To initialize the input parameters of the model, we will connect the file "calcParamMFSK.jl". If you need to change the parameter values, then open this file and edit the necessary parameters.
include("$(@__DIR__)/calcParamMFSK.jl") # connecting a file with validation parameters
paramRadarMFSKMT = CalcParamMFSK(); # validation of input parameters
T = paramRadarMFSKMT.T; # The modeling step
SimT = T; # Simulation time
3. Launching the model
run_model("MFSK_Radar_Range_Estimation_MT",@__DIR__); # Launching the model
4. Reading simulation results
sig_MFSK, fast_time = DataFrame2Array(MFSK) # the LCHM input signal
out_range, _ = DataFrame2Array(Range) # the signal after digital processing
out_speed, slow_time = DataFrame2Array(Speed); # range estimates
5. Visualization of radar operation
5.1 Input signal spectrogram
Let's construct a spectrogram of the input signal using the calc_spectrogram function
calc_spectrogram(
sig_MFSK, # The LFM signal
paramRadarMFSKMT.Fs, # sampling rate
"Signal spectrogram with MFSK";
num_pulses=1 # number of display pulses
)
The frequency component of the LC spectrogram has a stepwise character, which corresponds to a multi-position frequency modulation of the signal. In fact, the MFSK signal consists of two FMCW signal scans with a fixed discrete frequency offset. The scanning time of the emitted signal, which is determined by the product of a discrete step by the number of steps, is approximately 2 ms, which is several orders of magnitude longer than for a continuous LFM signal (about 7 microseconds).

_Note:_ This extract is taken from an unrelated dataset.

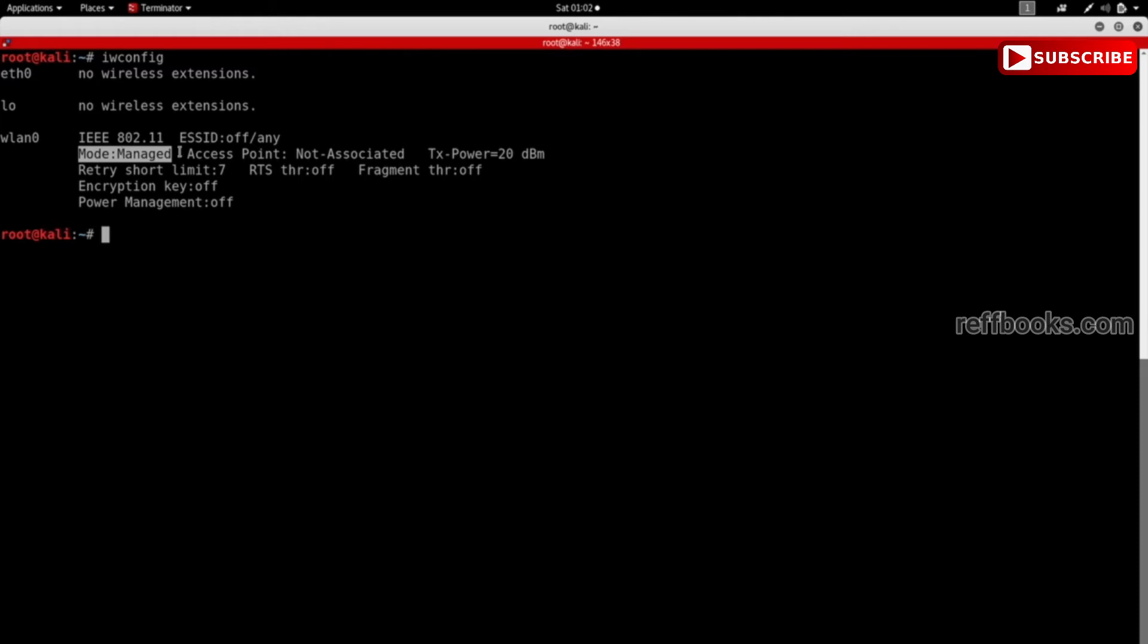As usual, before you can change the options of your interface, you have to disable it. Previously we've seen we can do that by doing ifconfig, the device name which is wlan0 in my case, down.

5.2 Estimating the range and speed of objects
Let's analyze the result of the radar operation
Let's compare estimates and true values of ranges and speeds (the range to a car is 50 m, to a truck is 150 m)
println("Car range estimate $(round(out_range[1,1,end];sigdigits=5)) m")
println("Truck range estimate $(round(out_range[2,1,end];sigdigits=5)) m")
println("Car range estimate $(round(out_range[1,1,end]-50;sigdigits=5)) m")
println("Truck range estimate $(round(out_range[2.1,end]-150;sigdigits=5)) m")
Now let's compare the estimates and the true speed values (the relative speed of a car is 40 km/h, a truck is -30 km/h)
println("Estimation of the relative speed of the car $(round(out_speed[1,1,end]*3.6;sigdigits=5)) km/h")
println("Estimation of the relative speed of the truck $(round(out_speed[2.1,end]*3.6;sigdigits=5)) km/h")
println("The error in estimating the relative speed of the car is $(round(out_speed[1,1,end]*3.6-40;sigdigits=5)) km/h")
println("The error in estimating the relative speed of the truck is $(round(out_speed[2.1,end]*3.6-(-30);sigdigits=5)) km/h")
Analyzing the simulation results obtained, it can be concluded that the values of the radar estimates correspond to the stated accuracy in range (1 meter) and speed (1 km/h)
Conclusion
In the example, the design of an atomic radar model using a probe signal with multi-position frequency modulation was considered. As a result of the model, an estimate of the relative speed and distance from the radar to objects (car and truck) was found with a radar resolution accuracy of 1 meter in range and approximately 1 km/h in speed.
It should also be noted that the use of the considered signal made it possible to increase the scanning time compared to a continuous FM signal from 7 microseconds to 2 ms, which can reduce the cost of equipment.